## PROBLEM TO SOLVE
Starting at the line with "2025 Mazda CX-30 Select", return every line through the final one of the data, word for word. Pictures stay out.

## MATERIAL PROVIDED
····················

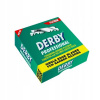 Derby Professional polovičné žiletky 100 ks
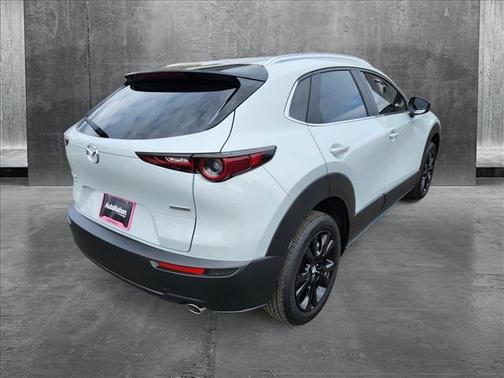 2025 Mazda CX-30 Select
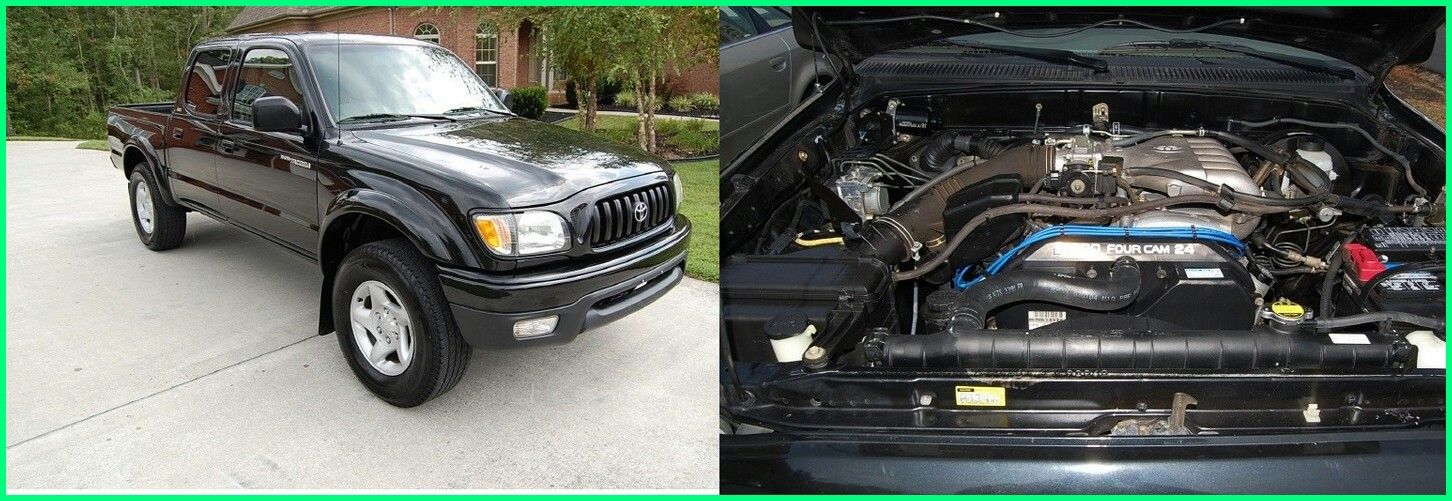 ✔️For Sale✔️2004✔️Toyota✔️Tacoma TRD SR5 4WD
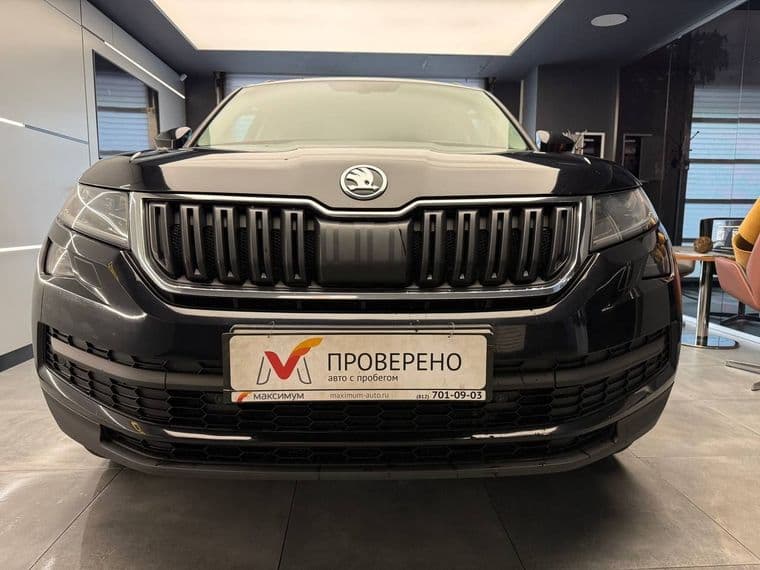 Skoda Kodiaq, 2019 - вид 1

····················

## OUTPUT BELOW
 2025 Mazda CX-30 Select
 ✔️For Sale✔️2004✔️Toyota✔️Tacoma TRD SR5 4WD
 Skoda Kodiaq, 2019 - вид 1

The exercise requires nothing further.